Pour le spectateur que nous sommes, ce transfert, ce changement de pôle, de ce que dit le l'auteur à ce que dit Judith de l'ouvrage n'est pas préjudiciable, nous trouvons finalement notre compte, parfois même davantage... C'est pourquoi nous suivons d'ailleurs l'émission avec appétit.
C'est peut-être pour l'auteur ou son ouvrage que ce tropisme est nuisible...
Mais alors, j'ai envi de dire, à eux d'être à la hauteur de certaines de leurs lectrices.
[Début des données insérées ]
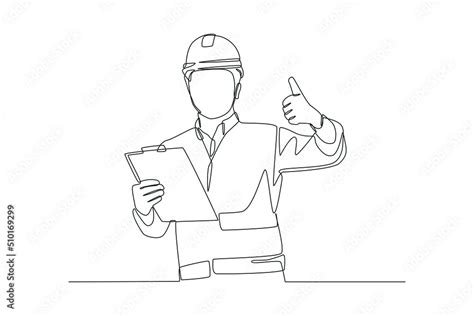 Vecteur Stock Continuous One Line Drawing Construction Worker Using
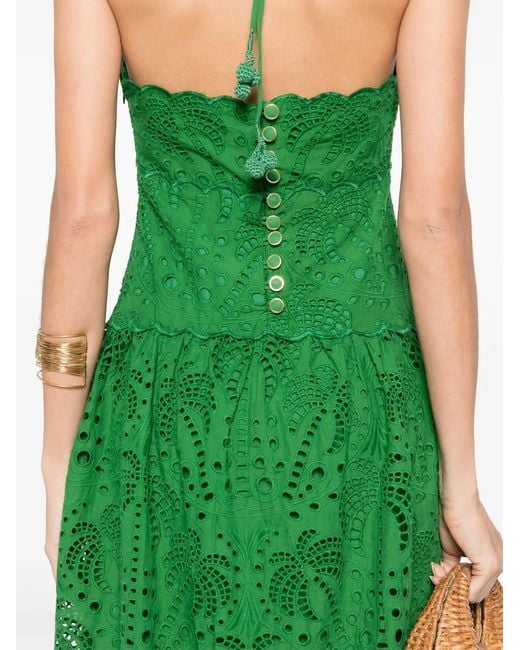 Farm Rio Green Cotton Midi Dress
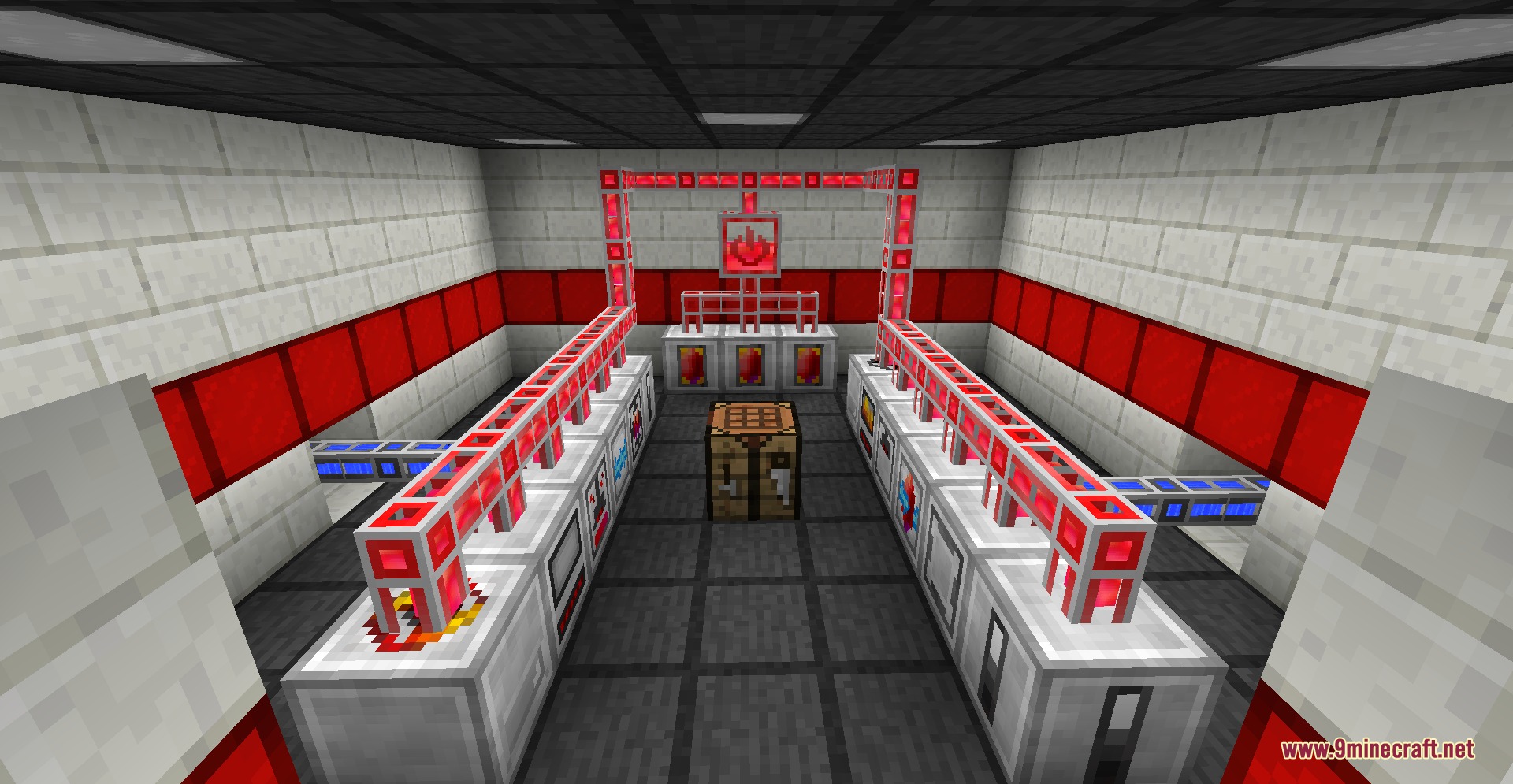 Industrial machines and red power conduits surrounding a central crafting table
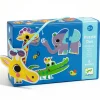Djeco Puzzel duo - Bewegende Jungle dieren - 6 x 2 stukjes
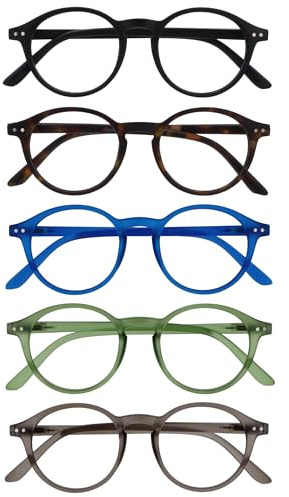 OPULIZE REY Lesebrille - 5er-Pack - Runder Retro-Rahmen - Mattschwarz, Braun, Blau, Grün, Grau - Herren Damen - Federscharniere - RRRRR56-12367 - +2.00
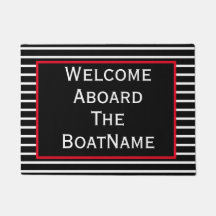 Schwarz, Weiß und Rot Begrüßung an Bord Boot Türma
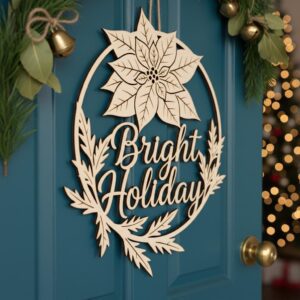 Christmas Door Hanger Bundle, 6 Laser Designs for Round Wood Signs, Porch Decor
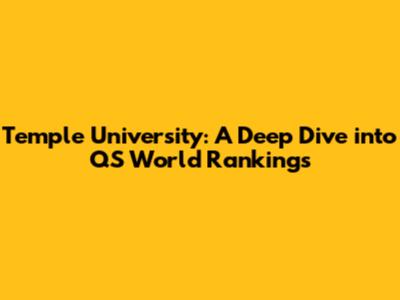 Temple University: A Deep Dive into QS World Rankings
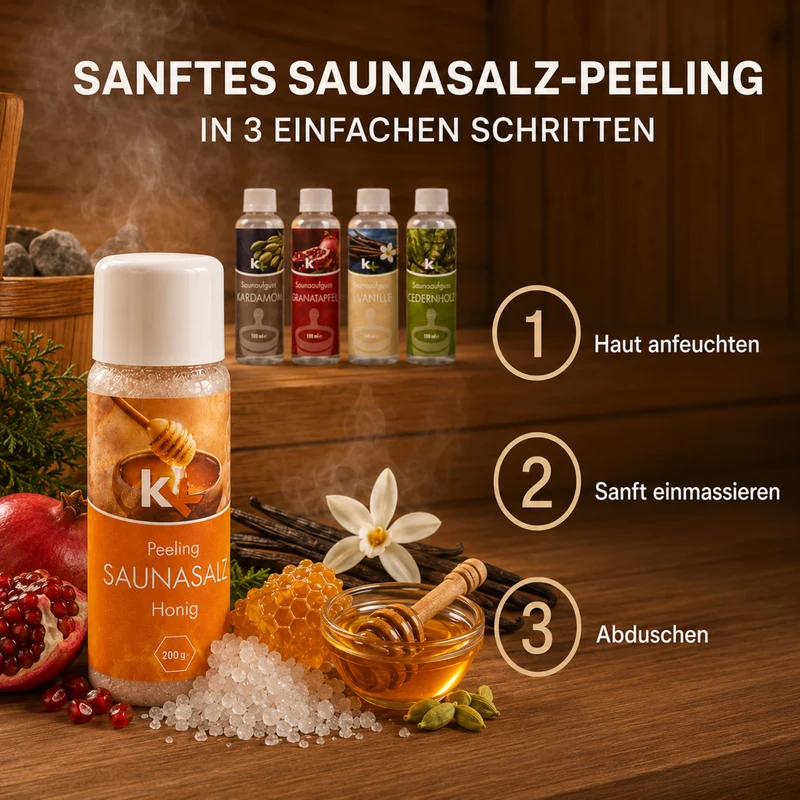 KK Saunaaufguss Set Orient | Saunakonzentrat | 4 x 100 ml/Flasche + 200g Sauna Salz |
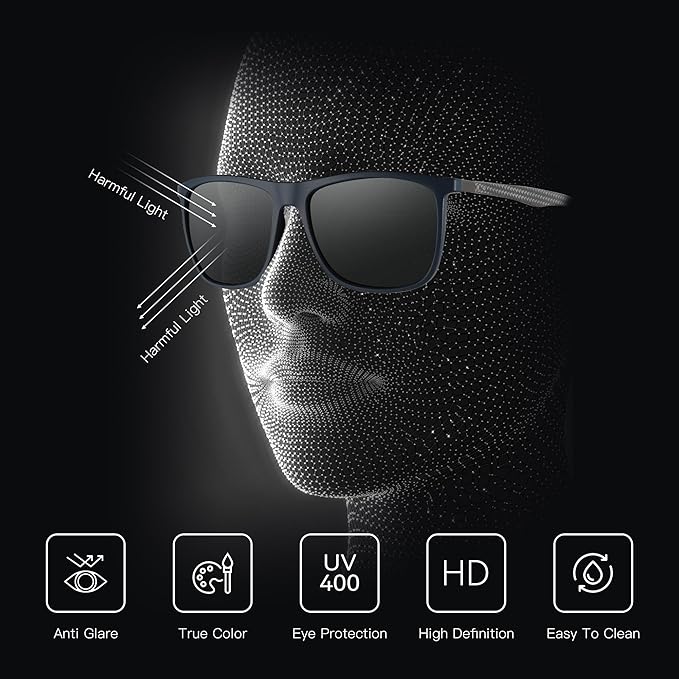 ZENOTTIC Square Polarized Sunglasses for Men Ultralight Carbon Fiber Sun Glasses Driving Fishing Golf Sports UV400 Protection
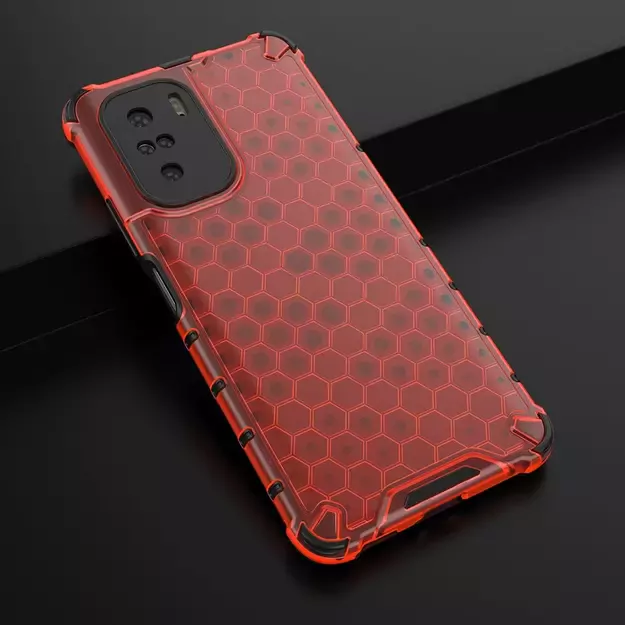 Honeycomb Case armor cover with TPU Bumper for Xiaomi Redmi K40 Pro+ / K40 Pro / K40 / Poco F3 red 3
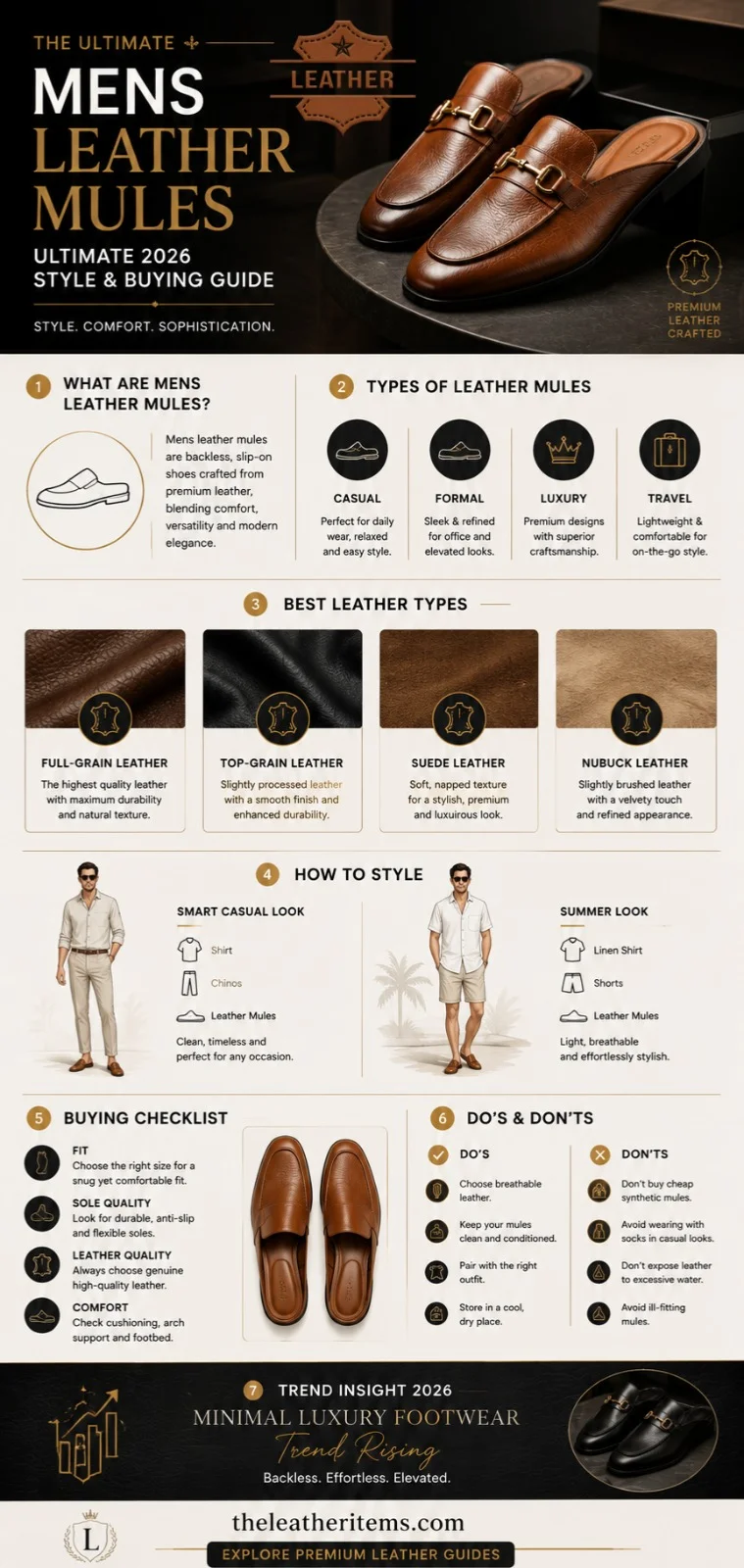 Men's leather mules infographic showing styles, leather types, outfit ideas, and buying guide for 2026 fashion trends and footwear selection tips.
Ce qui au moins pour l'auteur est toujours possible pendant le cours même de l'émission.
yG
ps : Pour le mot d'Hubert de la quinzaine précédente qui vous interpelle, "défractalisation", j'ai répondu également sur le forum en question, que je voyais bien ce que voulez dire fractal, mais pas ce néologisme, à tel point que je me demandais si j'avais bien entendu (défractalisation ou des fractalisations). Finalement, le "name-dropping" de cette émission à du bon, la redondance par la multitude des citations permet de capter au moins un fragment, une nuance de l'image globale, c'est déjà ça, inutile de vouloir comprendre toutes les analogies.
Geneviève Z.
Je viens seulement de regarder celle-ci (d'ailleurs je n'ai pas encore regardé celle avec Vincent Ravalec car vous ne m'y avez pas vraiment encouragé (là)). Elle est très bien et je comprends que Véronique Ovaldé en soit sortie lessivée. Vous avez même pu lui faire découvrir parfois ce qu'elle n'avait pas imaginé écrire.
Elle écoute beaucoup, dit-elle , les femmes parler de la façon dont elle vivent la relation sexuelle, et se sent à l'aise pour écrire les scènes correspondantes. J'ai hâte de la découvrir pour ça et pour le reste que vous avez certes décortiqué mais dont j'ai l'impression qu'il me reste à le lire.
Continuez vos émissions, elles sont uniques et précieuses.